Name hiding through inheritance takes one of these forms:

• A constant, field, property or type introduced to a class hides all base class members with the same name.
• A member introduced to a class hides properties, fields, and types hides all base class members with the same name. And it also hides all base class members with the same signature.
• An indexer introduced to a class hides all base class indexers with the same signature.

Note that you cannot use new and override at the same time, but you can use new and virtual to signify a new specialization starting point:

new public override void foo();        // ERROR
new public virtual void foo();         // OK. A new point of specialization

sizeof

The sizeof operator is used to obtain the size in bytes for a value type. Note that the sizeof operator can only be used for value types and cannot be overloaded, It can only be used in unsafe mode. sizeof takes the following form:

sizeof( type )

For example, 

// compile with /unsafe 
int nSize1 = sizeof(long )        // nSize1 = 8
int nSize2 = sizeof(int )         // nSize2 = 4

typeof

The typeof operator is used to obtain the System.Type object for a type. typeof takes the following form:

typeof( type )

To get the type of an expression use the .NET Framework method GetType(). For example:

// Declare and instantiate a class
public class MyClass { ... }
MyClass ob = new MyClass();

// To get the type of the class
Type t1 = typeof( MyClass )

// To get the type of the object
Type t2 = ob.GetType();

true & false

true and false can both be used an overloaded operator and as a literal. As a literal:

bool bA = true;
bool bB = false;

More interestingly is their use as an operator. User-defined types can define operator true and operator false to indicate that the user-type has a state of true and false. For example, a class called Computer can have operator true and operator false to indicate whether the system is up or down. See the Point example under Operators section.

stackalloc

stackalloc can only be used in unsafe mode. It is discussed in the Unsafe Code chapter.

base

The base keyword is used to access members of the base class from a derived class. base can be used in two ways:

• Call a method on the base class that has been overridden in the derived class.
• Specify which base-class constructor should be called when creating instances of the derived class.

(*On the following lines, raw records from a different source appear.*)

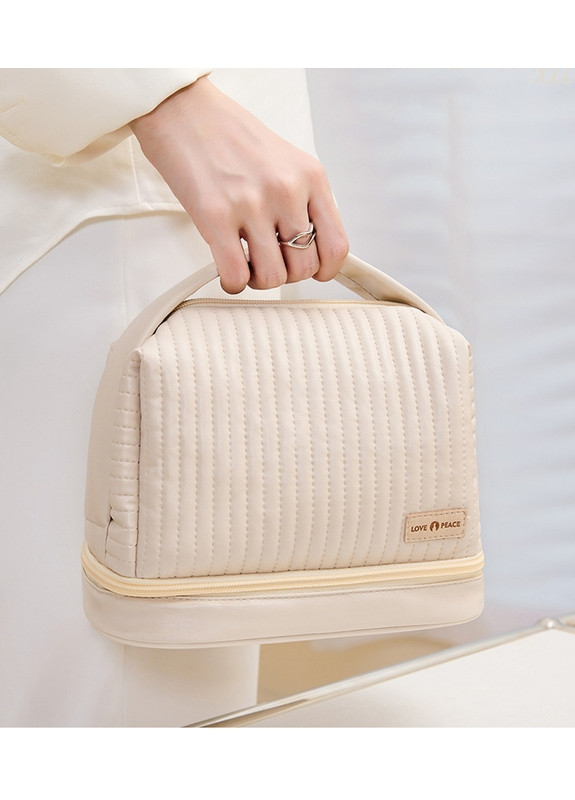 Косметичка з екошкіри з поділом на суху та вологу зону, L&P бежева More (269462836)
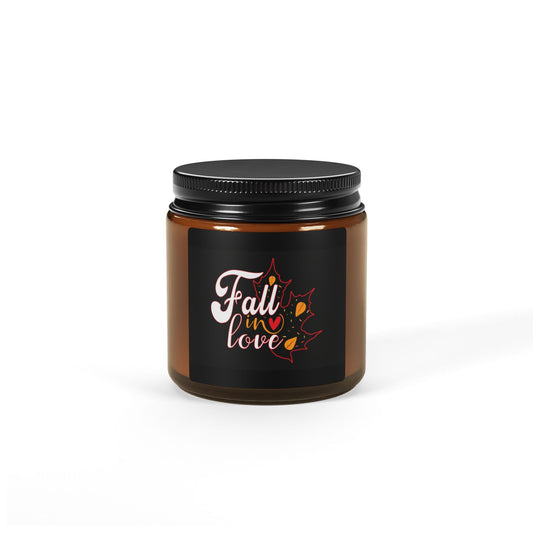 Scented Soy Candle (Multi-Size, Amber Jar): Fall in Love (black)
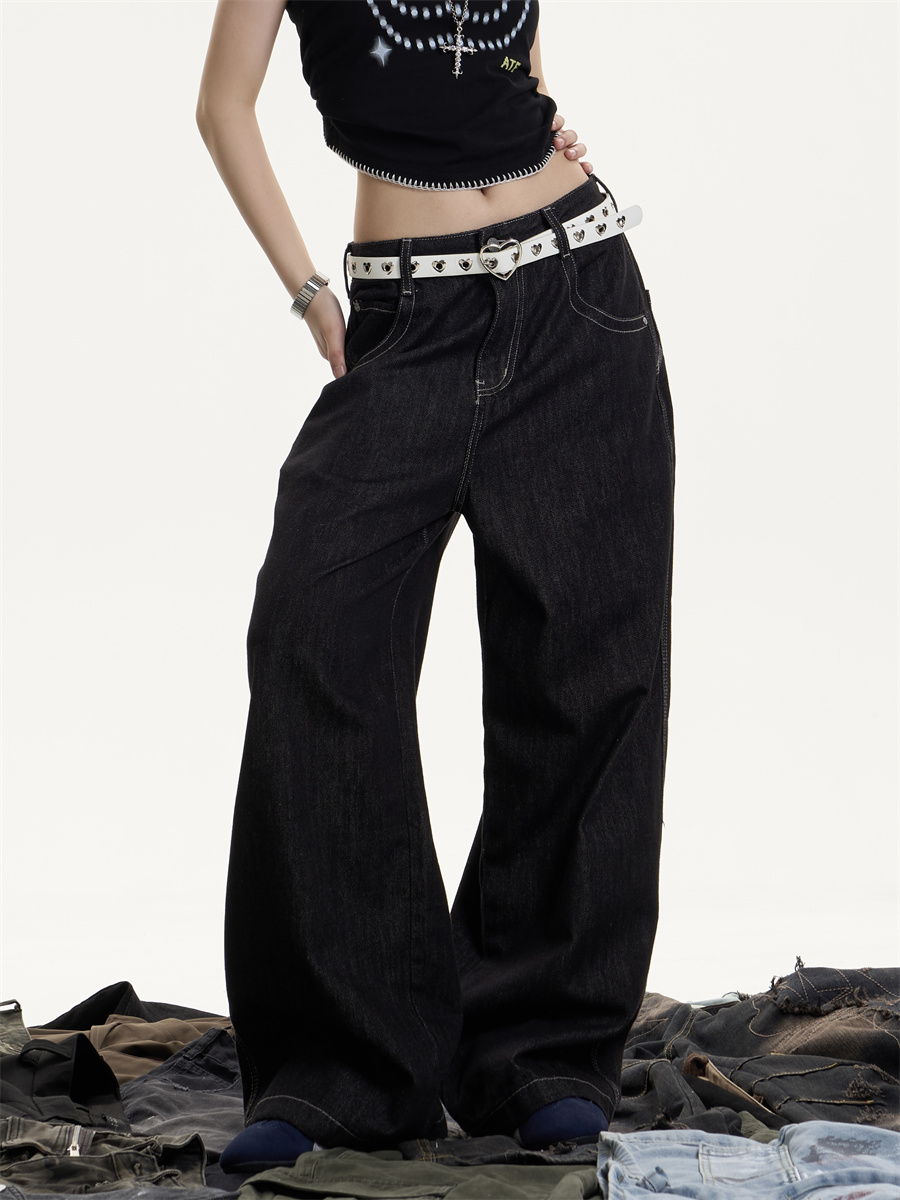 American Retro Washed Worn Jeans Women's Loose Straight 9cf98b57 8760 4fcc 9094 B269ca47dcfd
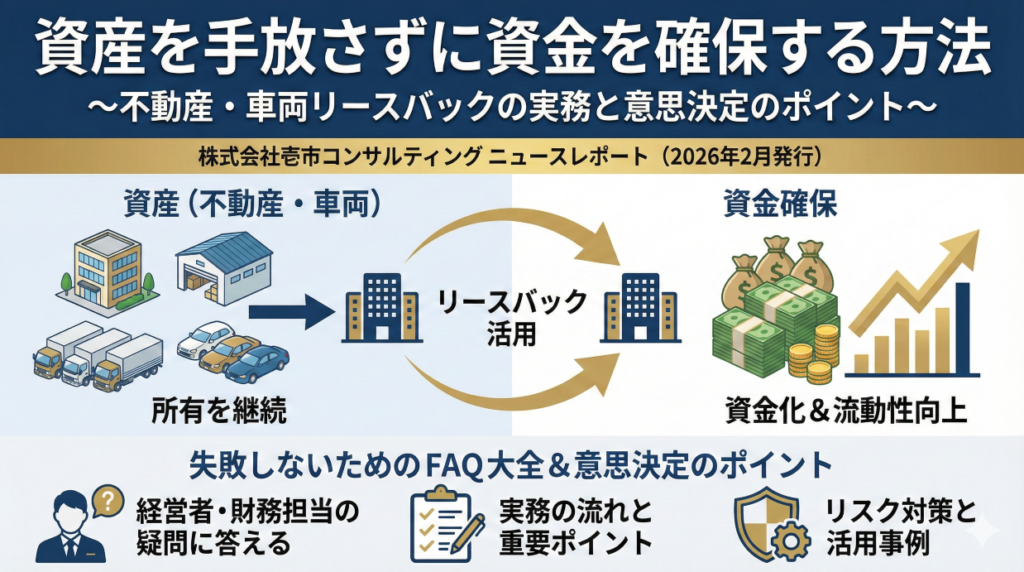 資産を手放さずに資金を確保する方法～不動産・車両リースバックの実務と意思決定のポイント～株式会社壱市コンサルティング ニュースレポート（2026年2月発行）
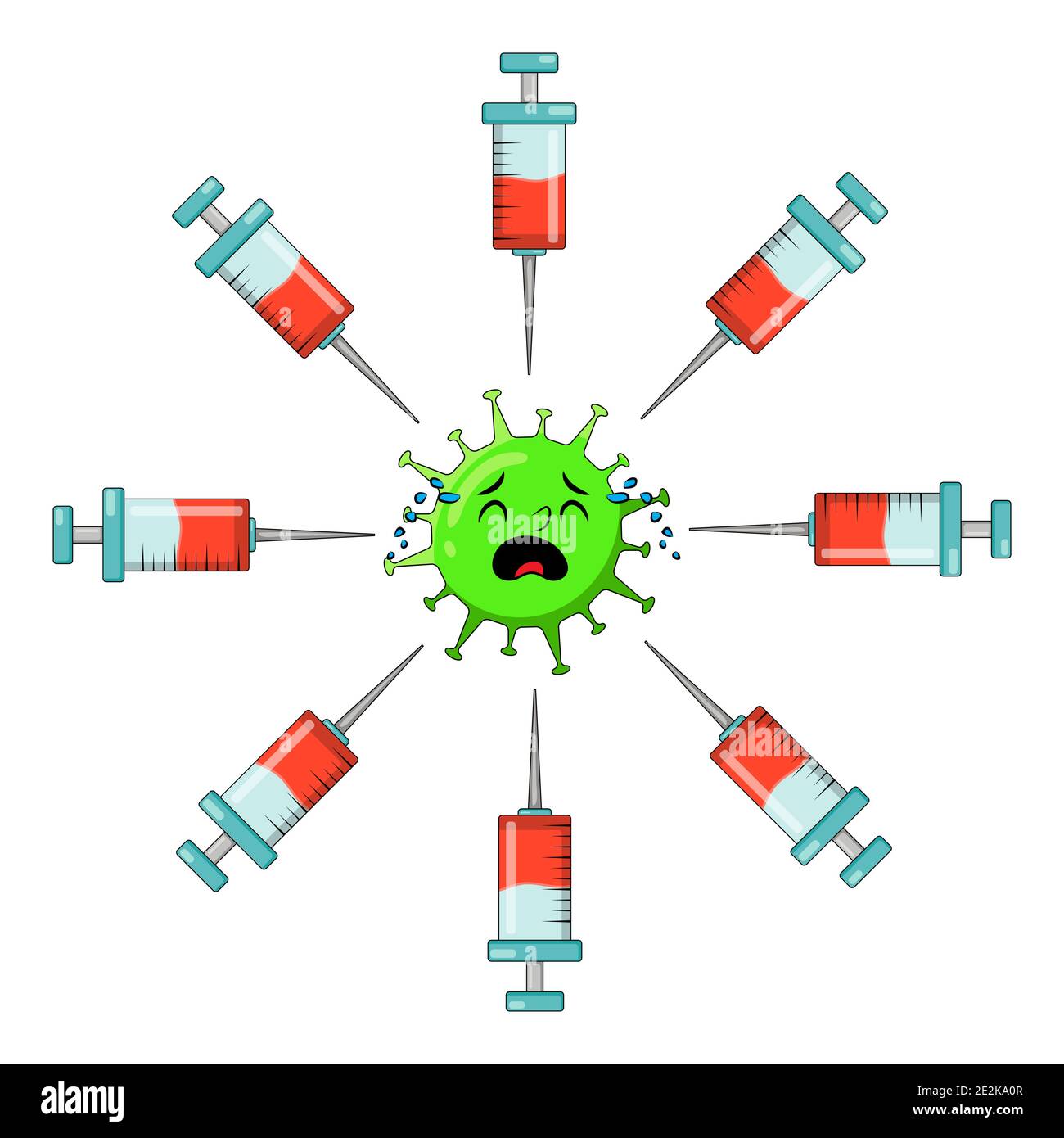 Covid-19 personaggio pianto e Be paura vaccinazione girato simbolo cartoon. Illustrazione vettoriale isolata su sfondo bianco. Illustrazione Vettoriale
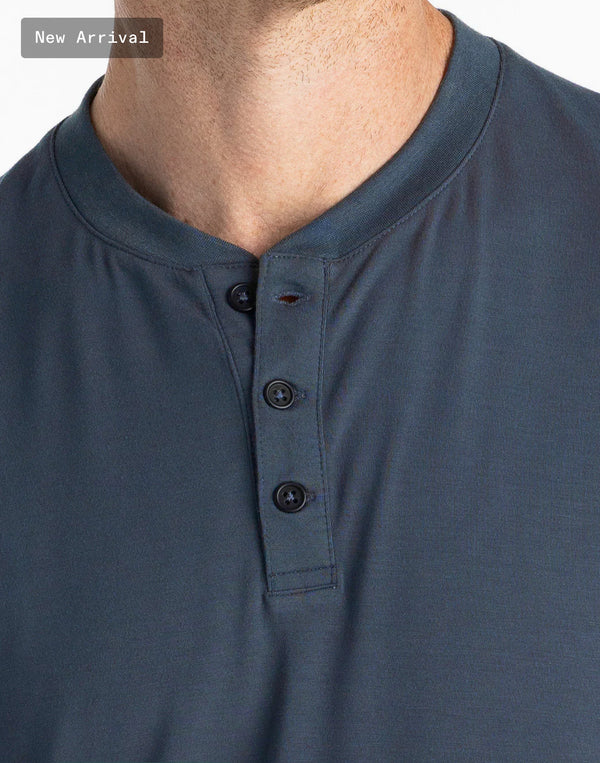 Men's Bamboo Flex Long Sleeve Henley: Midnight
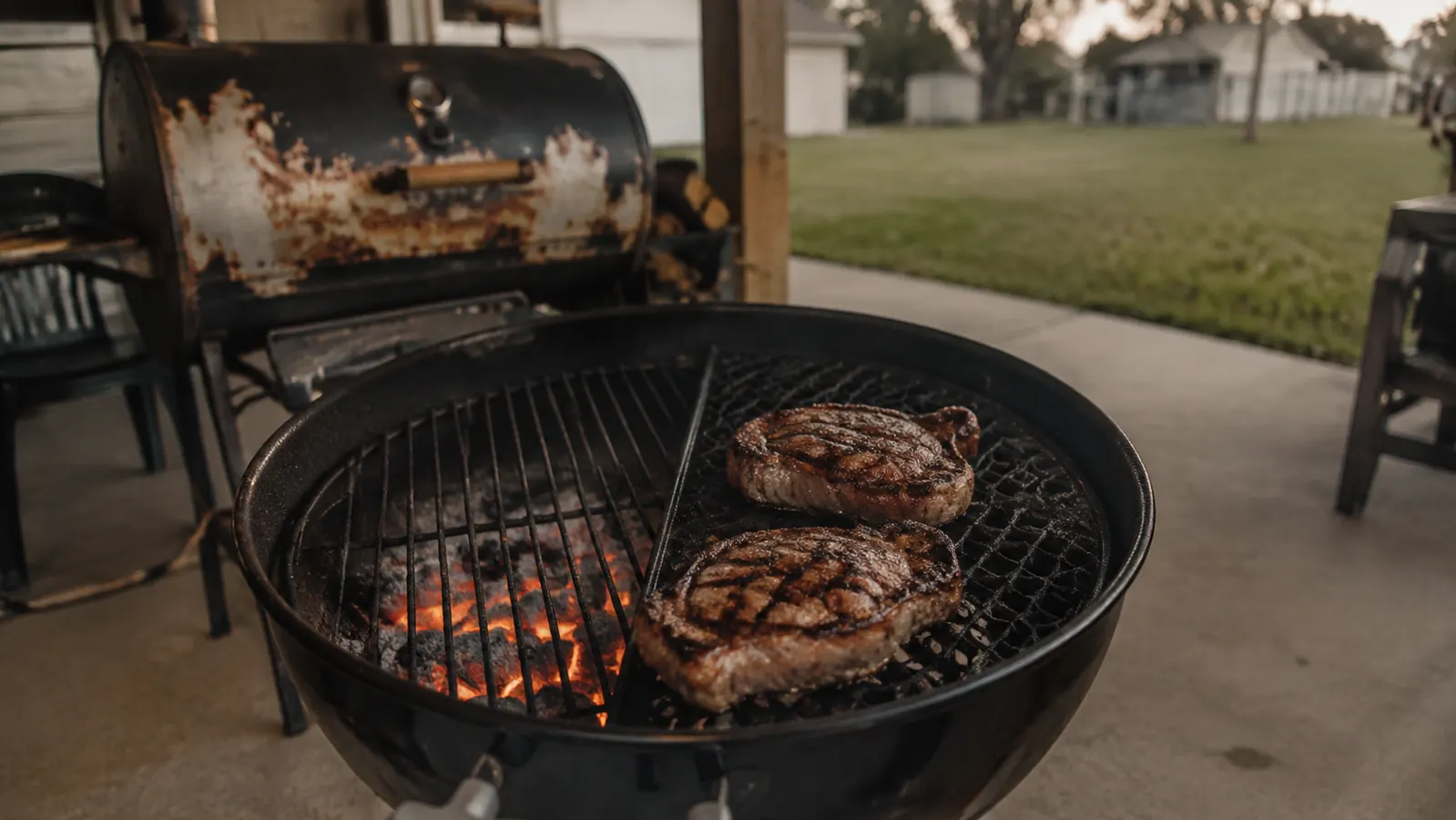 Two ribeye steaks with deep crosshatch sear marks on a black cast iron sear grate over glowing coals at dusk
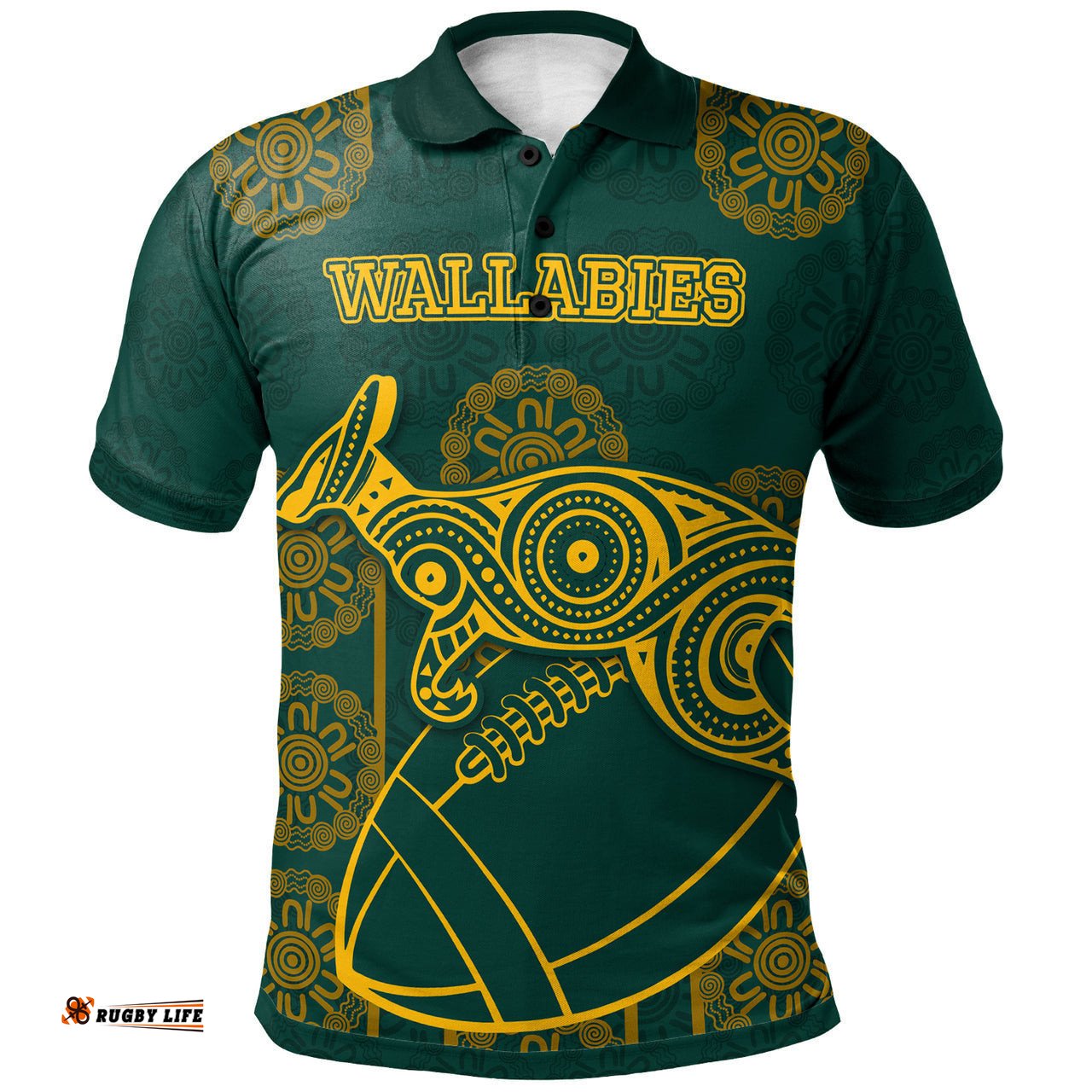Wallabies Rugby Polo Shirt - Custom Aboriginal Wallabies RLT13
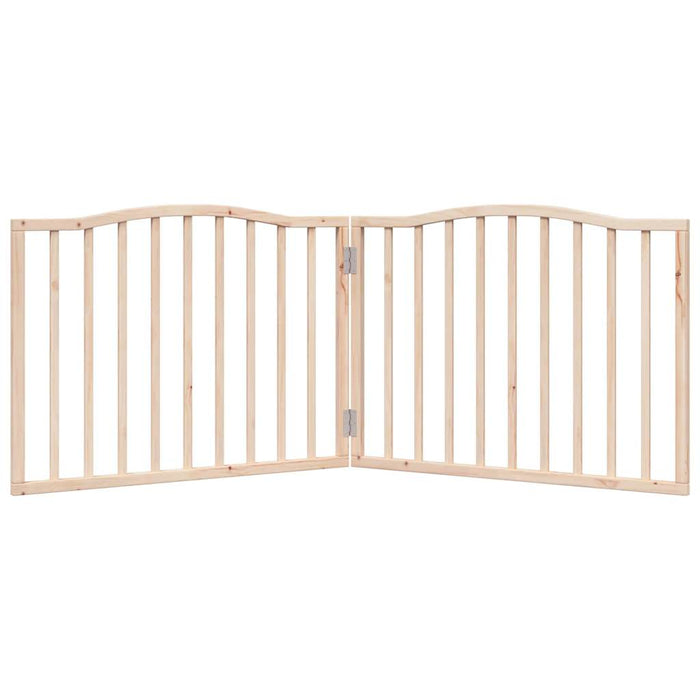 Cancello di sicurezza per cani animali domestici pieghevole 2 ante 160 cm legno di pioppo marrone 02_0023040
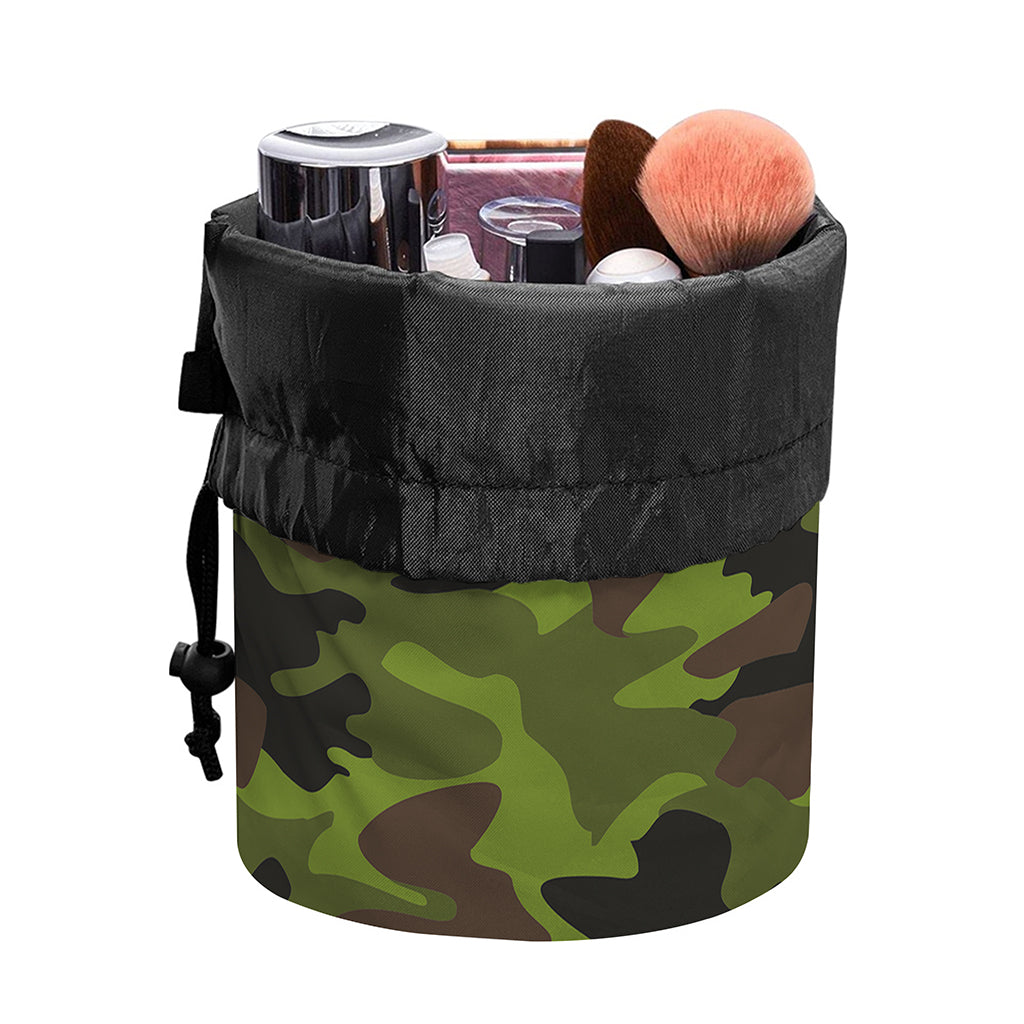 Dark Green And Black Camouflage Print Drawstring Makeup Bag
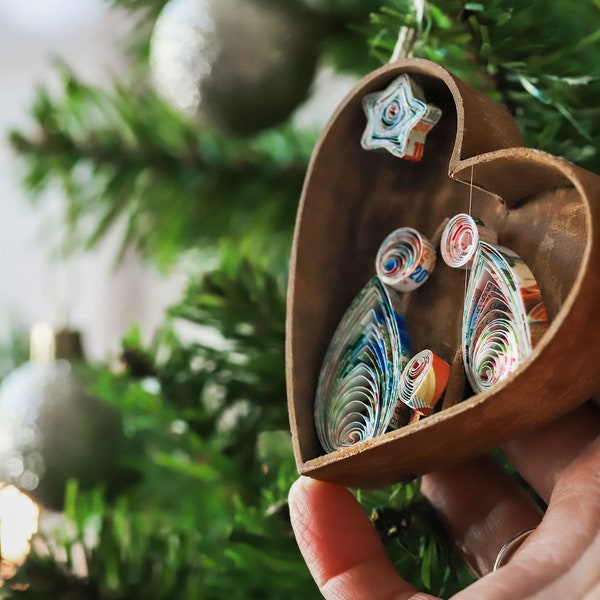 Nativity (Heart), Handmade Cinnamon and Recycled Paper Ornament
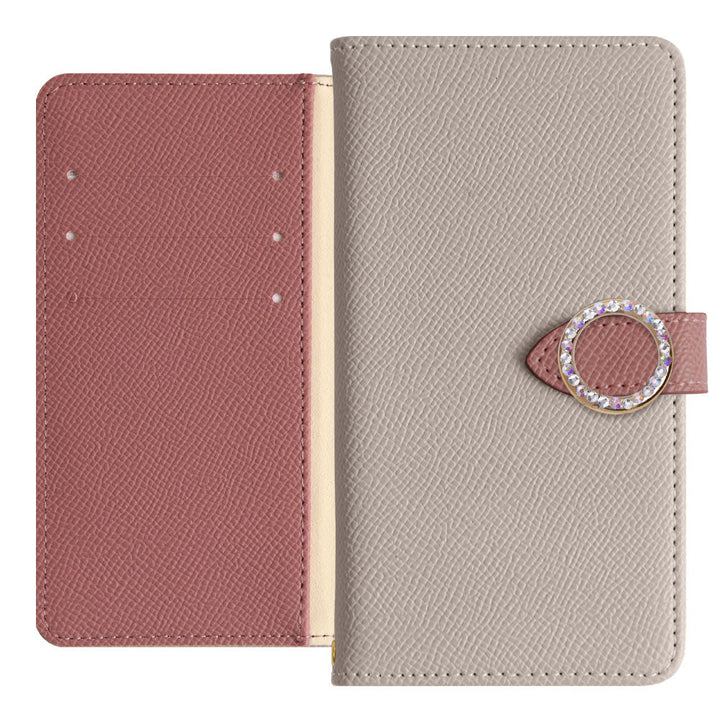 Vegan Leather Bicolor Round Stone Stand Function Notebook Case (with Belt) AQUOS Series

The following example illustrates:

public class MyPerson
{
    // Constructors
    public MyPerson()
    { ... }

    public MyPerson( int id, string name )
    { ... }

    // Public interface
    public virtual void PrintDetails()
    {
        Trace.WriteLine( "MyPerson.PrintDetails" );
    }
}

public class MyEmployee : MyPerson
{
    // Constructors
    public MyEmployee()
    { ... }

    public MyEmployee( int id , string str ) : base( id, str )
    { ... }

    // Public interface
    public override void PrintDetails()
    {
        Trace.WriteLine( "MyEmployee.PrintDetails" );
        base.PrintDetails();
    }
}

this

The this keyword refers to the current instance for which a method is called. Static methods by definition do not have the this keyword. The following are common uses of this:

// Pass this object to another object
public class Class1
{
    public void foo()
    {
        Class2 ob2 = new Class2();
        ob2.UseClass1( this );
    }
}

// Declare an indexer
public int this[int nIndex]
{
    get { return aNums[nIndex]; }
    set { aNums[nIndex] value; }
}

// Qualify members hidden by same name
void foo( string name, int id )
{
    this.name = name;
    this.id   = id;
}

Note on == and != operators

The == and != operator operate on value and reference types. For value-types, they determines whether the two values are equal/not equal. For reference-types (except string), they determine if the two objects are equal, i.e., the two operands both have the same address. For string, which is a reference type, these operators compare not the addresses of the two operands, but rather the value pointed to by these two references.